10
Sep
2014
Jayne Cohen's picture

KYEFTES DE PRASA KON KARNE (Leek Meatballs)

Jayne Cohen

photo taken by Allie Coremin, on January 10, 2011, CC licensing

Adapted from The Sephardi Culinary Tradition by Elsie Menasce (The Sephardic Cookbook Corporation, South Africa, 1984)

      

         When Elsie Menasce’s ancestors fled Spain at the time of the Inquisition, they settled in Rhodes, then part of the Ottoman Empire. Elsie was born in Rhodesia, in Africa, then later moved to South Africa, where she compiled this cookbook, a celebration of the Sephardi Rhodes community, with its Spanish, Turkish, and Italian influences. Her recipe for leek meatballs adds a unique ingredient—tomato—to this traditional Rosh Hashanah favorite of Judeo-Spanish Jews.

Preparation time: 30 minutes; cooking time: 30 minutes

Yield: 25 meatballs

 

Ingredients:

  • 8 medium leeks (about 2 ½ pounds)
  • 3 medium-large russet potatoes (about 1 ½ pounds), peeled and     quartered
  • ¾ pound lean ground beef
  • 3 large eggs
  • salt
  • 1 tablespoon chopped parsley
  • 1 tomato, skinned and chopped
  • flour, for dredging
  • olive, sunflower, or canola oil, for frying
  • lemon quarters, for serving (optional)

 

         Remove the coarse outer leaves of leeks. Trim the leeks, retaining some of the green parts for color and flavor, then cut them in half lengthwise, and wash them carefully. Coarsely chop them.         

         Put the leeks and the potatoes in a saucepan with enough cold, salted water to cover by 1 inch.

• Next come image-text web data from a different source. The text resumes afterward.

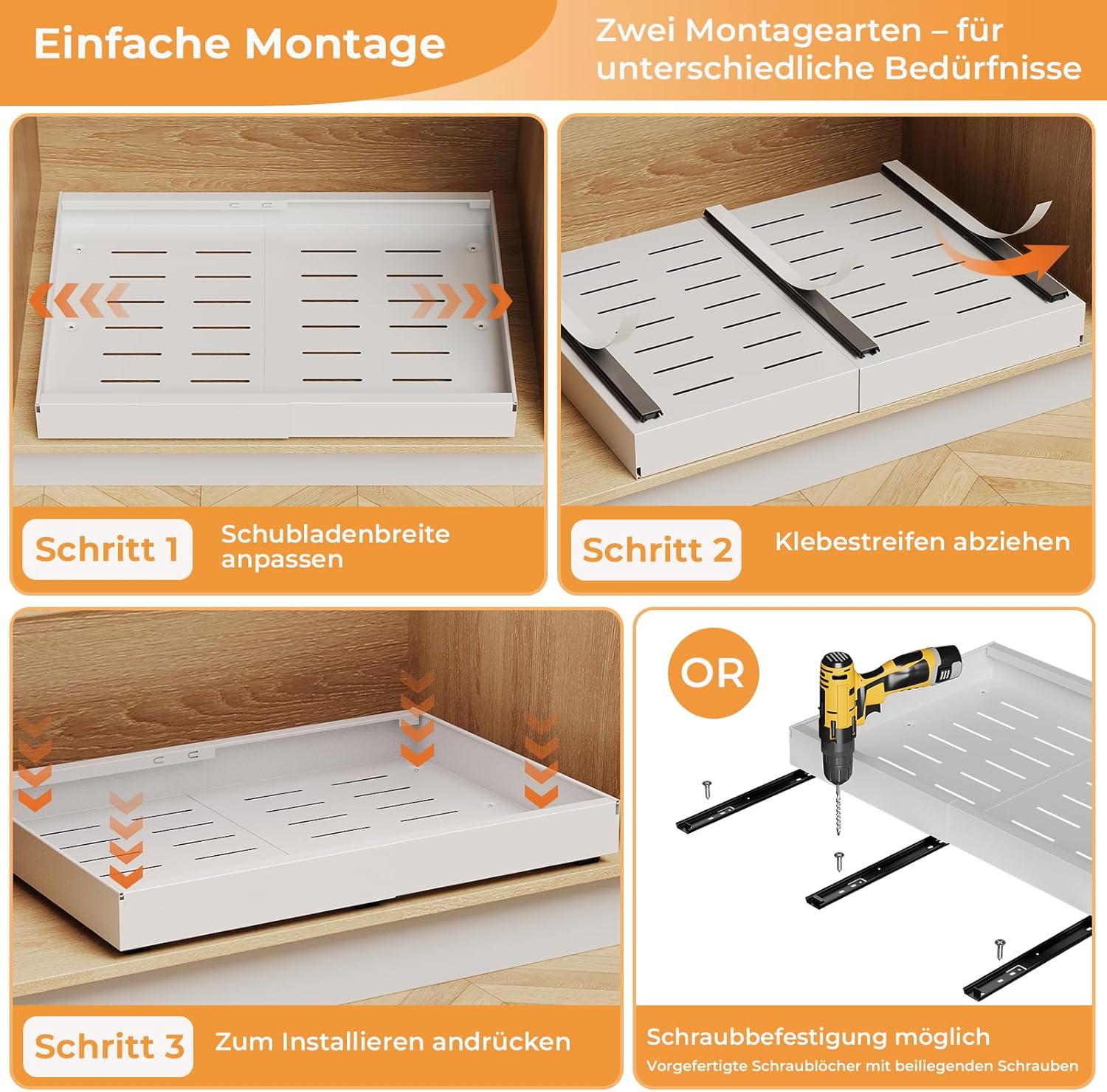 Casgee Pack of 4 Telescopic Drawers, Extendable Kitchen Drawer, Width 32-52 Cm, Extendable Cupboard Organiser with Rail System, Stick Slide Out Pull-Out Kitchen Cabinet for Kitchen Organisation, White image number 2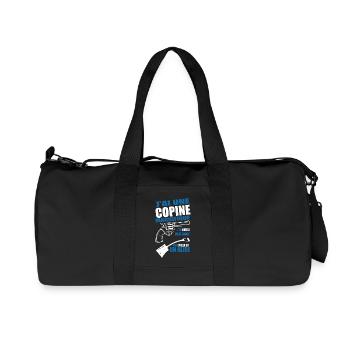 "Copine magnifique flingue - pelle - alibi" - Sac de sport en toile recyclée Stanley/Stella - noir - Devant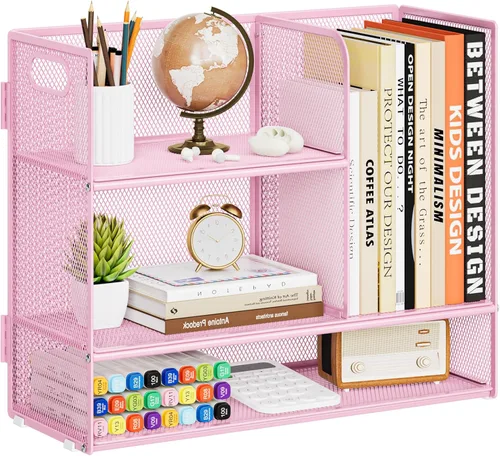 Miniatura 10 de Marbrasse Organizador de Estante de Escritorio de 3 Niveles con Asa, Soporte de Libros de Escritorio para Archivos, Organizador de Estante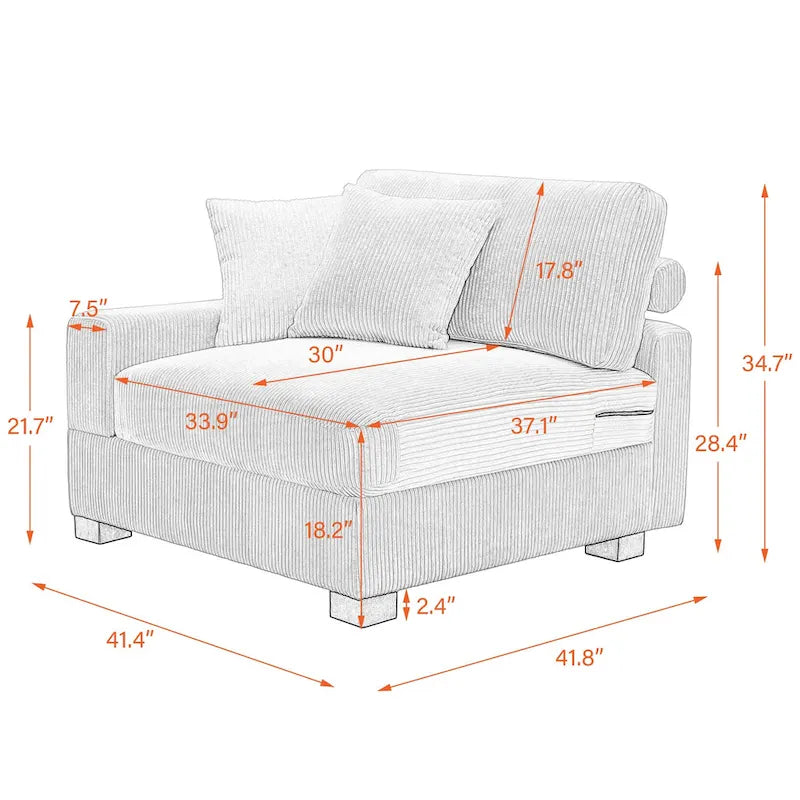 Ensemble canapé d'angle modulable en velours côtelé avec méridienne et pouf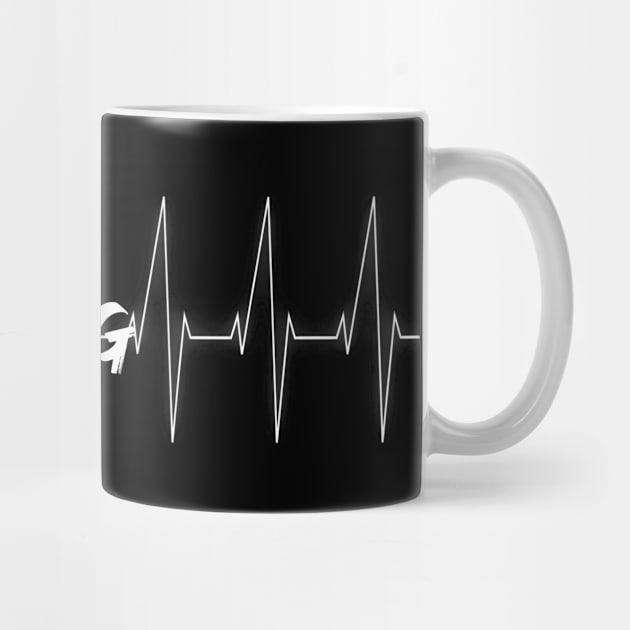 Heartbeat Dog Dog white - gift idea by Monstershirts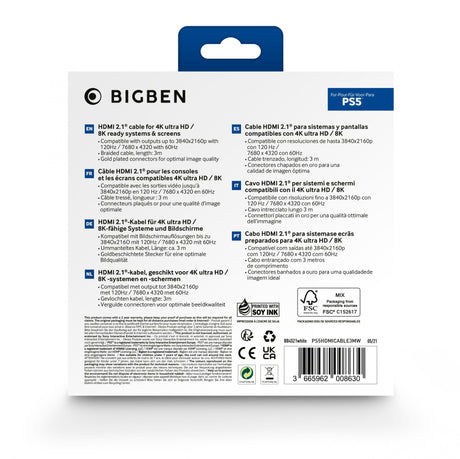 Nacon HDMI Cable 2.1 Braided, 8K - 3m, White Nacon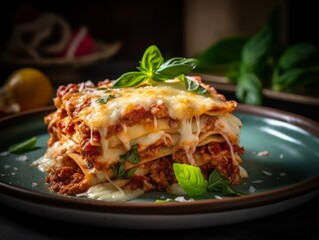 lasagna with melted cheese and garnished with basil leaves on a ceramic plate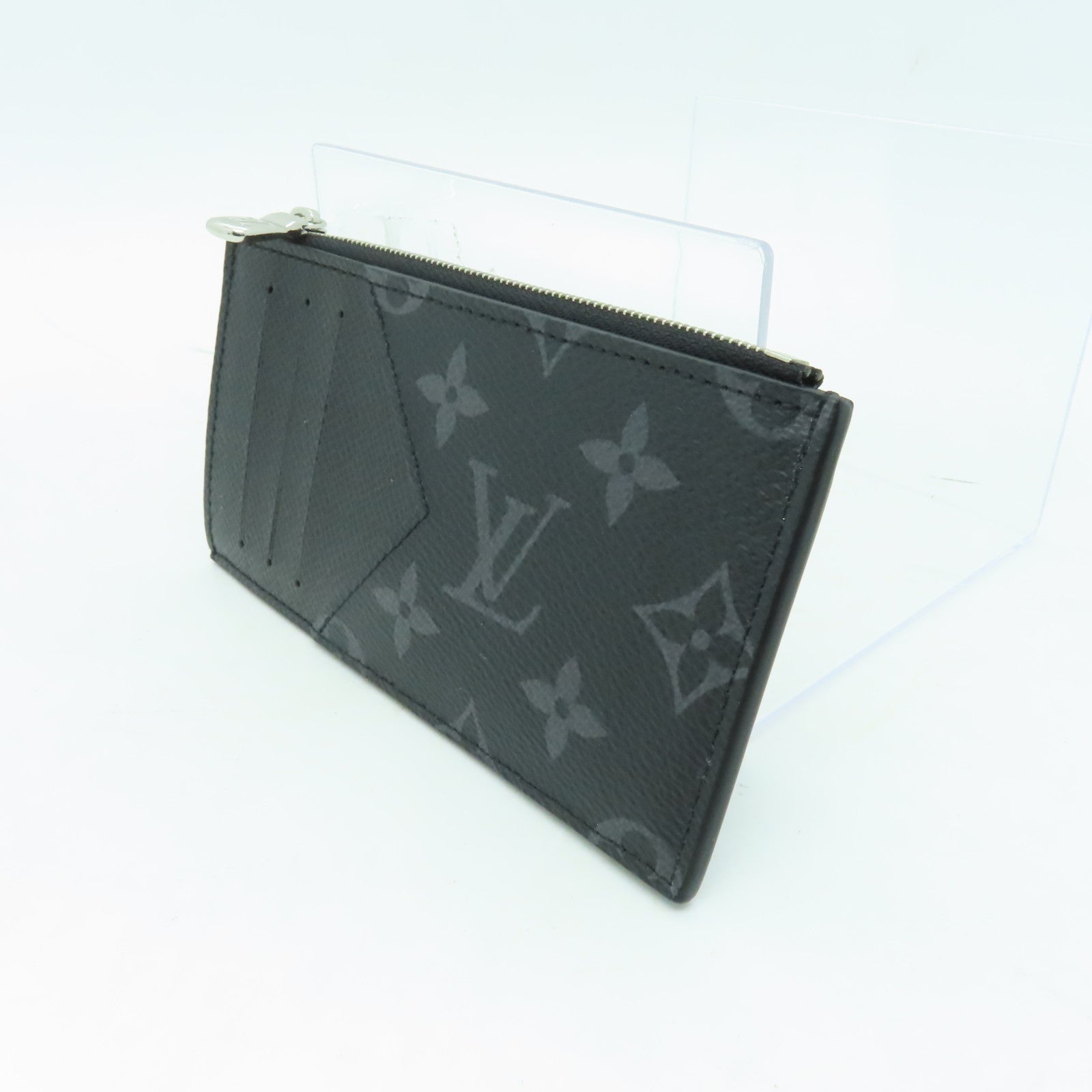 LOUIS VUITTON Monogram Eclipse Coin Case銀扣零錢包黒色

Bring to a boil, then simmer until the potatoes are very tender. Drain well and when cool enough to handle, squeeze out as much moisture as possible from the leeks (it’s easiest to do this with your hands, but you can also use a spoon to press them against a colander). This is very important: if the leeks are too wet, the kyeftes may fall apart.

         Coarsely mash the potatoes, and combine them in a food processor with the leeks, meat, 2 of the eggs, about 1 teaspoon salt, or to taste, parsley, and tomato, and pulse to a soft paste. Shape into round, flat patties about 2 ¼ inches in diameter.

         Spread the flour on a plate or a sheet of wax paper. Beat the remaining egg in a shallow bowl.  Heat a large, heavy skillet until hot, but not smoking. (If the oil is not hot enough, the kyeftes will be greasy.) Dip each patty first into flour and then into the beaten egg. Shallow fry them, in batches as necessary, in the hot oil, turning them carefully once, until golden brown on both sides. Drain on paper towels. Serve hot or room temperature, accompanied, if desired, by lemon quarters.

         Kyeftes taste good the following day. They are also delicious simmered for 5-10 minutes in a homemade tomato sauce or with the sauce served separately.